Monday, July 18, 2005

Johannes Reuchlin, Chassid.


Johannes Reuchlin (1455-1522) was a German humanist and Hebrew scholar. He was also one of the chassidei umos ha-olam according to R. Yisrael Lipschutz, the Tiferes Yisrael on Pirkei Avos. Aside from being a really smart guy and a talmid of the Seforno, he was also a passionate defender of the Talmud when it was under attack from non-Jews seeking to discredit it as a book of blasphemy.

In the words of Wikipedia
Many of his contemporaries thought that the first step to the conversion of the Jews was to take away their books. This view was advocated by the bigoted Johann Pfefferkorn (1469-1521), himself a baptized Jews. Pfefferkorn's plans were backed by the Dominicans of Cologne; and in 1509 he obtained the emperor's authority to confiscate all Jewish books directed against the Christian faith. Armed with this mandate, he visited Stuttgart and asked Reuchlin's help as a jurist and expert in putting it into execution.
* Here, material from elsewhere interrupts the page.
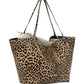 Borsa A Spalla Donna Braccialini Shopping In Pelle Con Stampa Leopard Ariel B19031PP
Reuchlin evaded the demand, mainly because the mandate lacked certain formalities, but he could not long remain neutral. The execution of Pfefferkorn's schemes led to difficulties and to a new appeal to Maximilian.
In 1510 Reuchlin was summoned in the name of the emperor to give his opinion on the suppression of the Jewish books. His answer is dated from Stuttgart, October 6, 1510; in it he divides the books into six classes-apart from the Bible which no one proposed to destroy--and, going through each class, he shows that the books openly insulting to Christianity are very few and viewed as worthless by most Jews themselves, while the others are either works necessary to the Jewish worship, which was licensed by papal as well as imperial law, or contain matter of value and scholarly interest which ought not to be sacrificed because they are connected with another faith than that of the Christians. He proposed that the emperor should decree that for ten years there be two Hebrew chairs at every German university for which the Jews should furnish books.
In others words, he was quite a guy.


These days, wonderful people like Jim Davila continue the work of Reuchlin, albeit in less dramatic fashion.